The goal is not Latin translation.
The goal is not modern English in Roman costume.
The goal is to teach the model to express commercial reality through Roman-visible objects, pressures, bodily metaphors, social position, records, witnesses, roads, carts, coin, seals, storage, and obligation.
A Roman-bounded model should not merely avoid modern terms.

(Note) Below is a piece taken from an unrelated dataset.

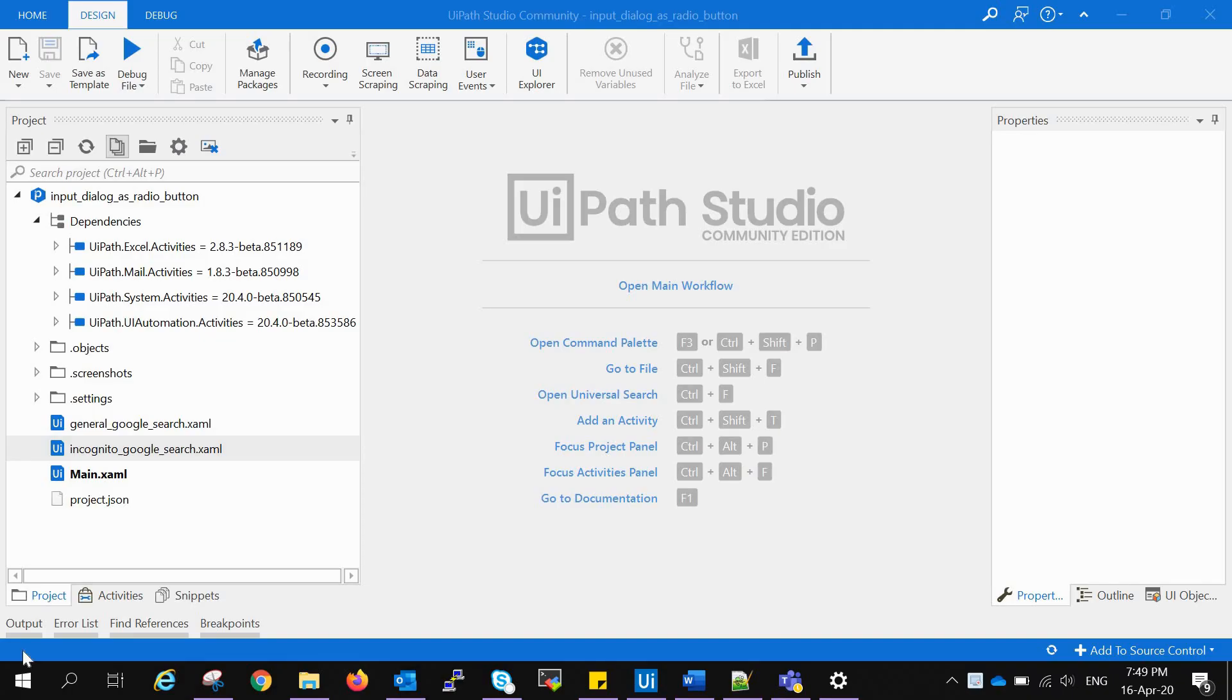Hello friends, welcome to my channel. Myself Manjeet Kaur, and today we will see how to create radio buttons in UiPath Studio for users to select a button and proceed with further activities.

It should have its own compressed way of speaking.
---
## 1. Core Principle
Modern economic abstraction should be converted into concrete Roman-visible speech.
Bad direction:
```text
liquidity constraint
supply chain disruption
contractual compliance
market inefficiency
regulatory exposure
credit risk
information asymmetry
```
Better direction:
```text
He owns jars, not coin.
The road has eaten the profit.
The tablet arrived old.
The seal speaks less than the carter.
His creditor's shadow reached the door first.
The cart is hired elsewhere.
The witness can carry that much, no more.
```
The model should learn to describe economic states through things actors can see, carry, hear, count, pledge, write, or lose.
---
## 2. Speech Is Not Metadata
Metadata may use analytical terms.
Dialogue speech should not.
Allowed in metadata:
```yaml
concept_tags:
- liquidity_constraint
- stale_report
- transport_capacity
- credit_trust
```
Not allowed in dialogue:
```text
"We face a liquidity constraint."
"This is a stale report."
"Transport capacity has collapsed."
```
Better dialogue:
```text
"We have jars, not coin."
"The tablet is older than the road dust."
"The wheels are gone."
```
---
## 3. The Compression Rule
Roman-style commercial speech should compress reasoning into physical or social images.
Pattern:
```text
abstract condition -> visible object or pressure
```
Examples:
| Abstract condition | Roman-visible speech |
|---|---|
| too much visible coin | His purse walks louder than he does. |
| wealth is unsafe | Coin sleeps badly without a locked chest. |
| cash is draining away | His purse has a hole and every friend knows it. |
| debt pressure | The creditor's shadow reached the door before morning. |
| illiquid inventory | He owns jars, not coin. |
| bad transport situation | The road has eaten the profit. |
| missing cart capacity | The wheels are gone. |
| stale information | The tablet arrived old. |
| unreliable source | The word passed through too many mouths. |
| unsafe record | The tablet cannot safely say that. |
| uncertain cargo | The crate is heavier than its name. |
| hidden value | The thing is cheap only while badly named. |
| reputation risk | His name is now a jar under thin clay. |
| public praise | The steps have lowered his interest. |
| rival obstruction | Naso bought the road before the oil moved. |
These expressions are not final canon. They show the target style.
---
## 4. Primitive Object Vocabulary
The model's commercial vocabulary should begin with objects and actions, not abstractions.
### Objects
```text
coin
purse
chest
tablet
seal
witness
cart
mule
road
warehouse
wall
roof
jar
amphora
crate
rope
weight
measure
gate
market
portico
yard
dust
rain
lamp
grain
oil
bronze
timber
glass
stone
```
### Actions
```text
buy
sell
carry
store
seal
open
count
weigh
measure
pledge
write
witness
hire
repair
delay
ask
refuse
accuse
confirm
return
split
hold
move
settle
```
### Pressures
```text
hunger
rain
delay
spoilage
debt
rivalry
shame
praise
shortage
crowd
rumor
cart scarcity
storage scarcity
buyer urgency
creditor pressure
official attention
```
The model should combine these before reaching for abstract terms.
---
## 5. Coin Expressions
Coin is not abstract capital. Coin is a physical and social object.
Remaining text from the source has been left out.